From: Darrick J. Wong <darrick.wong@oracle.com>

Change the remap_file_range functions to take a number of bytes to
operate upon and return the number of bytes they operated on.  This is a
requirement for allowing fs implementations to return short clone/dedupe
results to the user, which will enable us to obey resource limits in a
graceful manner.

A subsequent patch will enable copy_file_range to signal to the
->clone_file_range implementation that it can handle a short length,
which will be returned in the function's return value.  For now the
short return is not implemented anywhere so the behavior won't change --
either copy_file_range manages to clone the entire range or it tries an
alternative.

Neither clone ioctl can take advantage of this, alas.

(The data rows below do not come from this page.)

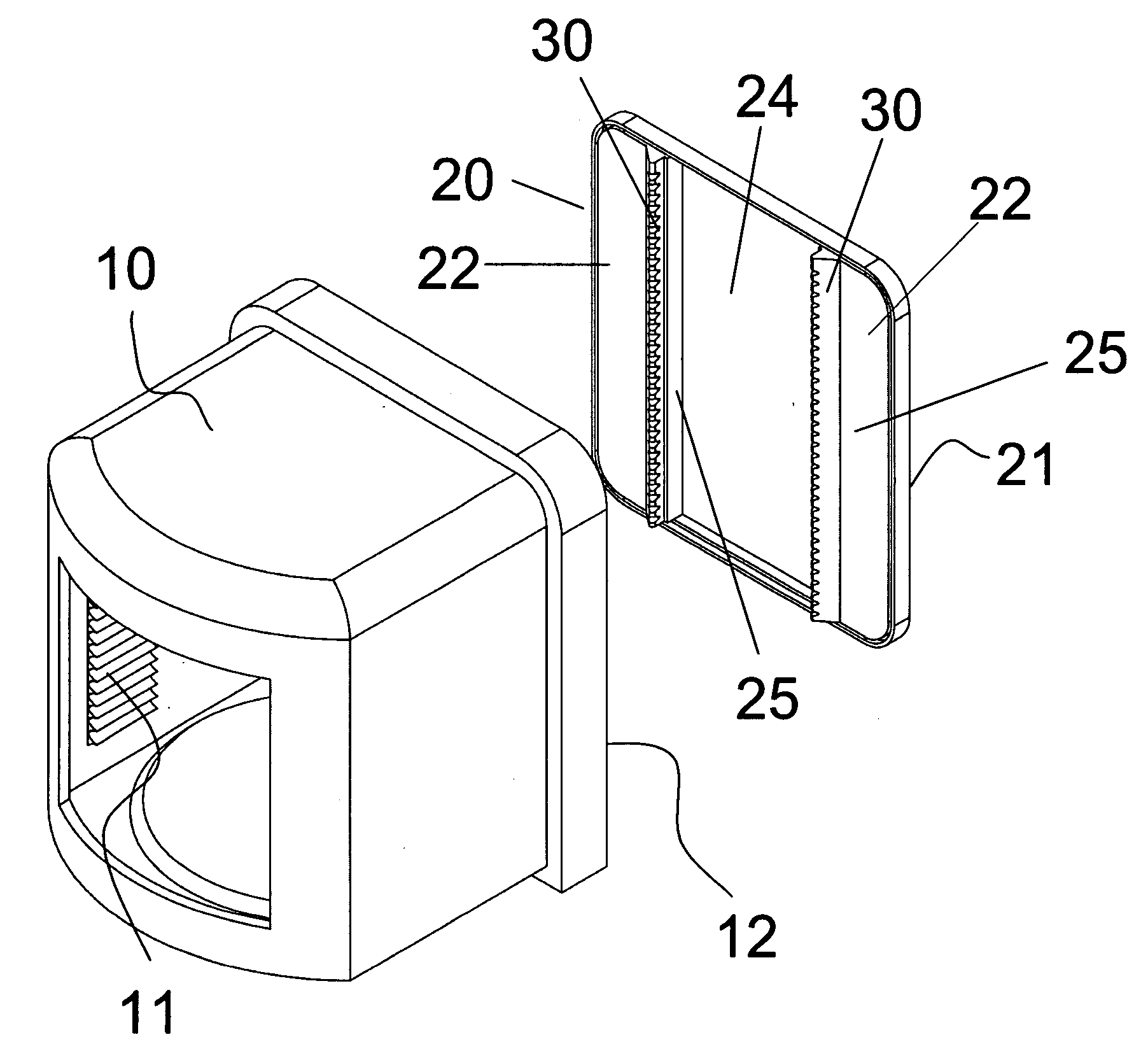 Wafer Container with Integrated Wafer Restraint Module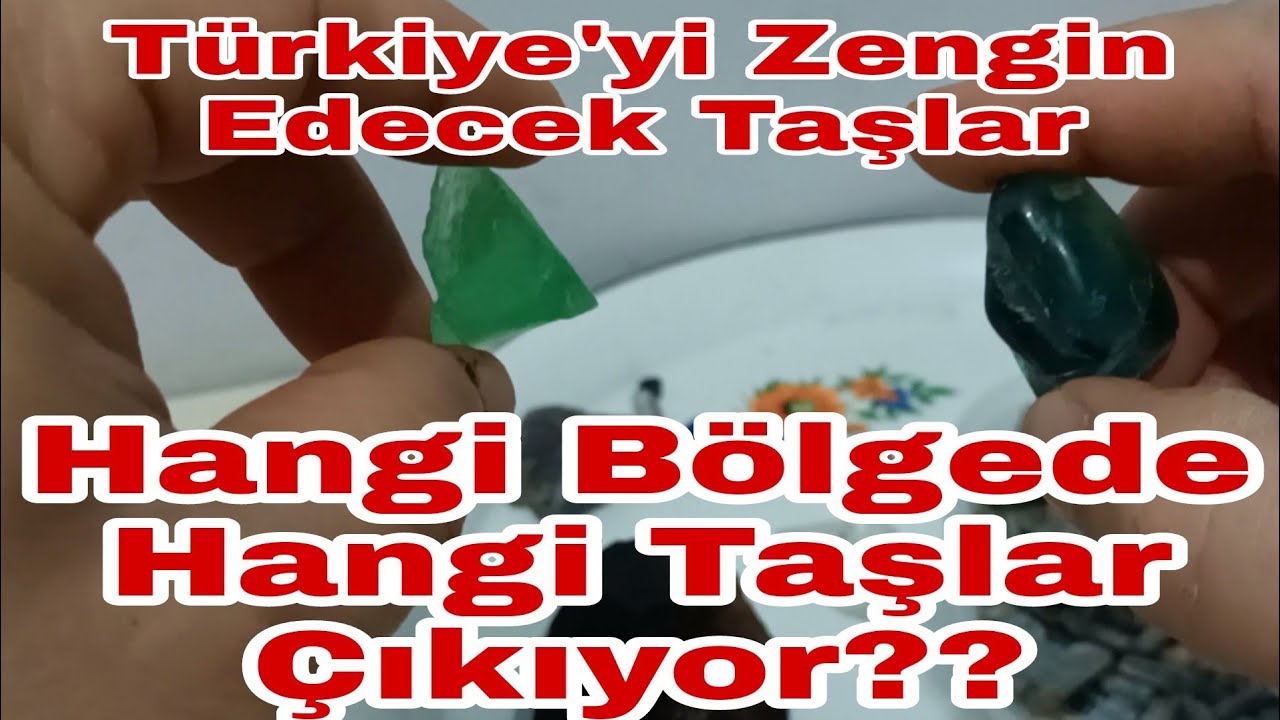 Türkiye'yi Zengin Edecek Taşlar!!!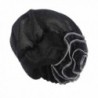 xzbailisha Women Turban Spun Gold Flower Head Covering Cap Dacron headgear - Black - CX17Z3EGRX0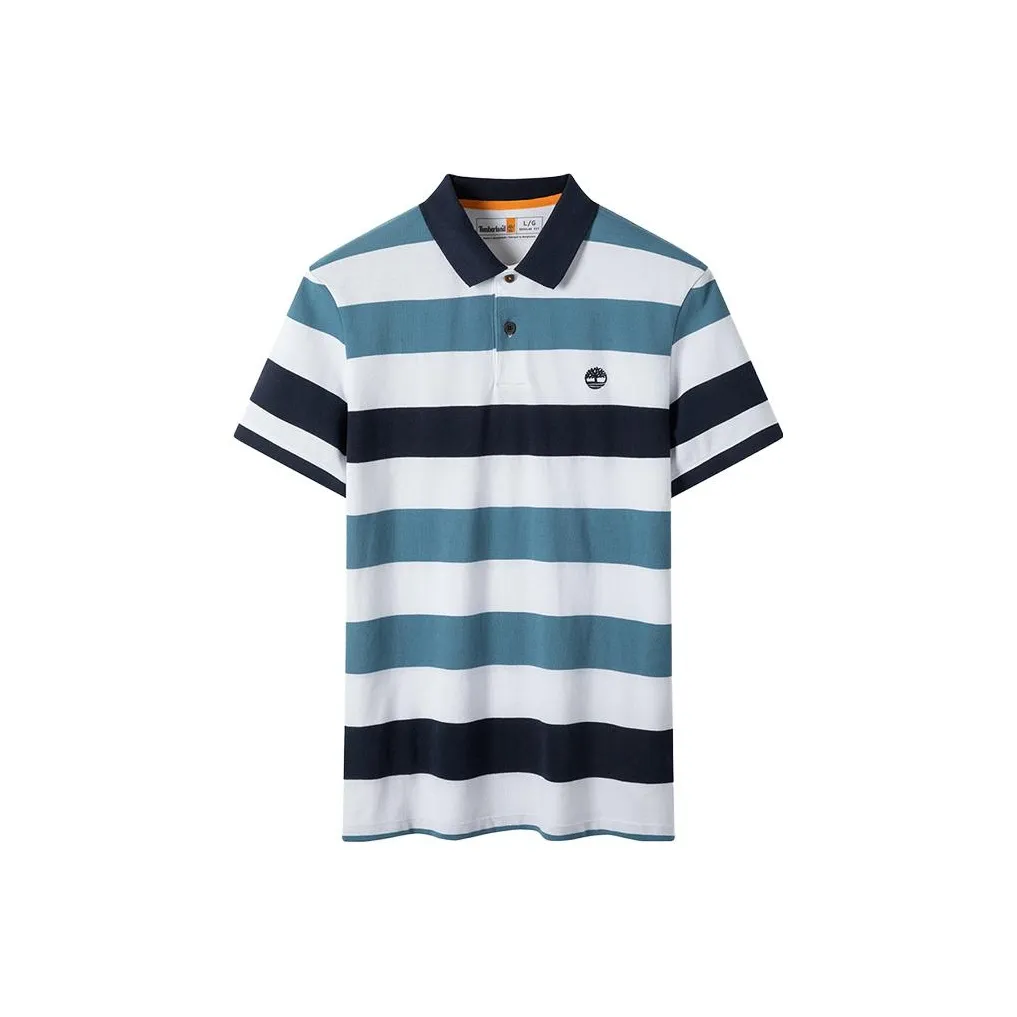 Timberland Polo Shirts Men Blue White Multicolor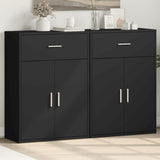 Sideboards 2 pcs Black 60x30x84 cm Engineered Wood 3276596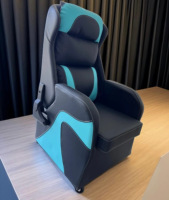 Canapé de jeu inclinable moderne pour une personne, dossier réglable, fauteuil inclinable à boutons, en cuir PU, pour la maison, les bureaux, les salles de sport électronique, les hôtels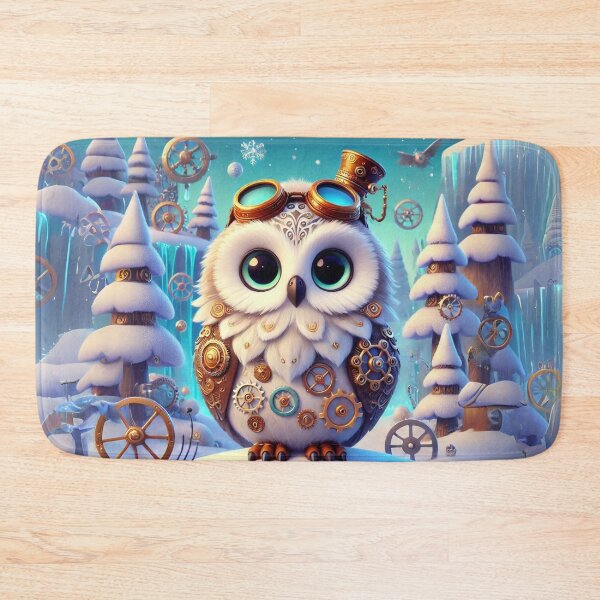 Item preview, Steampunk Snowy Owl designed and sold by Sillytoe.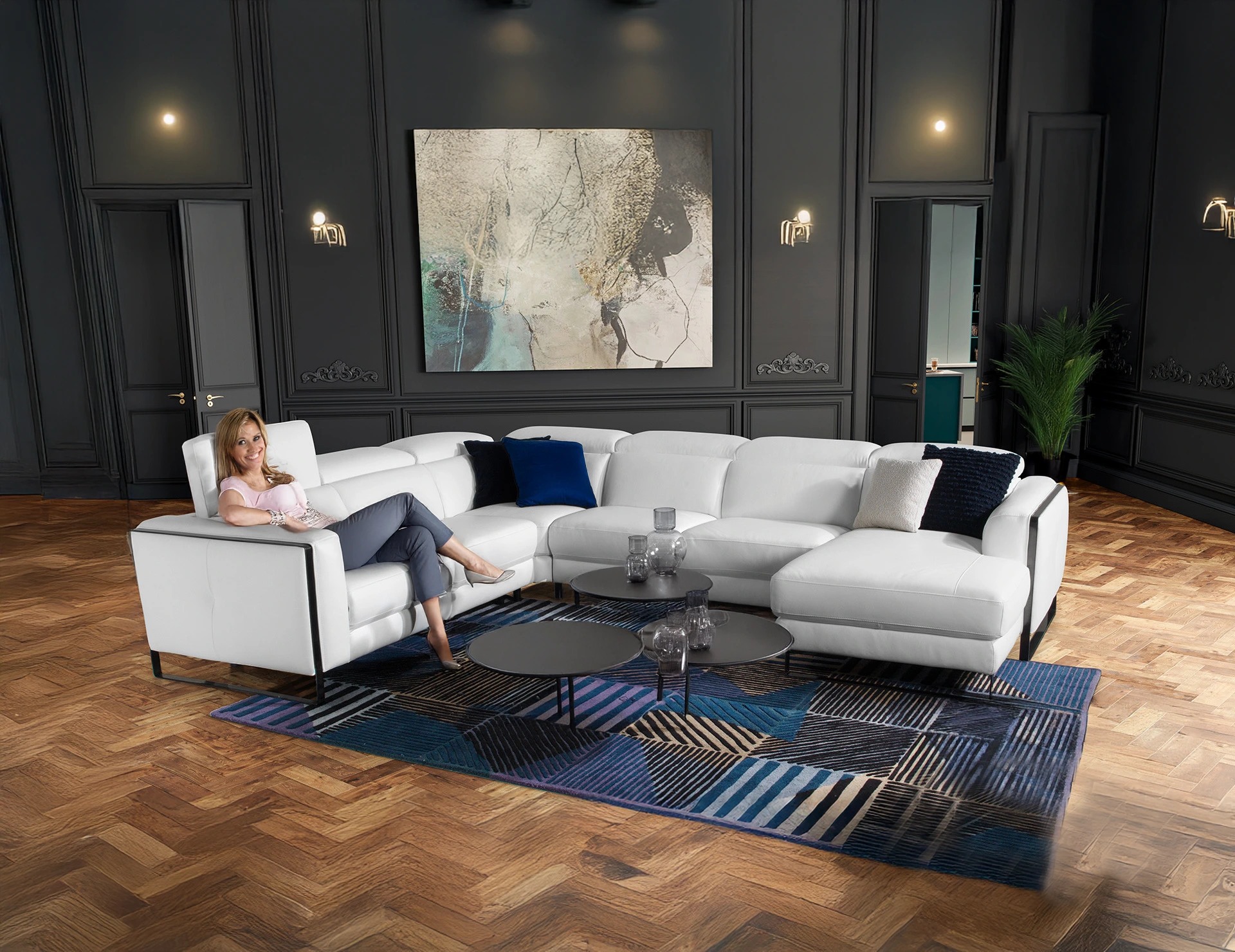 salon angle blanc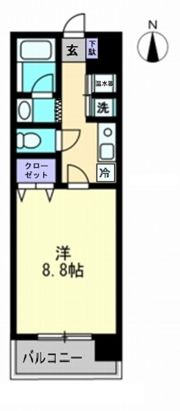アイランドガーデン花園21の間取り画像
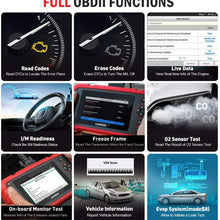 LAUNCH OBD2 Scanner CRP123X Automotive Car Code Reader Scan Tool for ABS SRS Transmission Engine Diagnostic Tool with Battery Test, Android 7.0 Based, 5.0” Touchscreen, AutoVIN, Wi-Fi Free Updates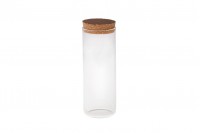 Βάζο γυάλινο 360 ml με φελλό για κεριά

Signed-off-by: Darrick J. Wong <darrick.wong@oracle.com>
Reviewed-by: Amir Goldstein <amir73il@gmail.com>
---
 Documentation/filesystems/vfs.txt |   10 ++++----
 fs/btrfs/ctree.h                  |    6 ++---
 fs/btrfs/ioctl.c                  |   13 ++++++----
 fs/cifs/cifsfs.c                  |    6 ++---
 fs/ioctl.c                        |   10 +++++++-
 fs/nfs/nfs4file.c                 |    6 ++---
 fs/nfsd/vfs.c                     |    8 +++++-
 fs/ocfs2/file.c                   |   16 ++++++------
 fs/ocfs2/refcounttree.c           |    2 +-
 fs/ocfs2/refcounttree.h           |    2 +-
 fs/overlayfs/copy_up.c            |    6 ++---
 fs/overlayfs/file.c               |   12 +++++----
 fs/read_write.c                   |   49 ++++++++++++++++++++-----------------
 fs/xfs/xfs_file.c                 |    9 +++++--
 fs/xfs/xfs_reflink.c              |    4 ++-
 fs/xfs/xfs_reflink.h              |    2 +-
 include/linux/fs.h                |   27 +++++++++++---------
 mm/filemap.c                      |    2 +-
 18 files changed, 108 insertions(+), 82 deletions(-)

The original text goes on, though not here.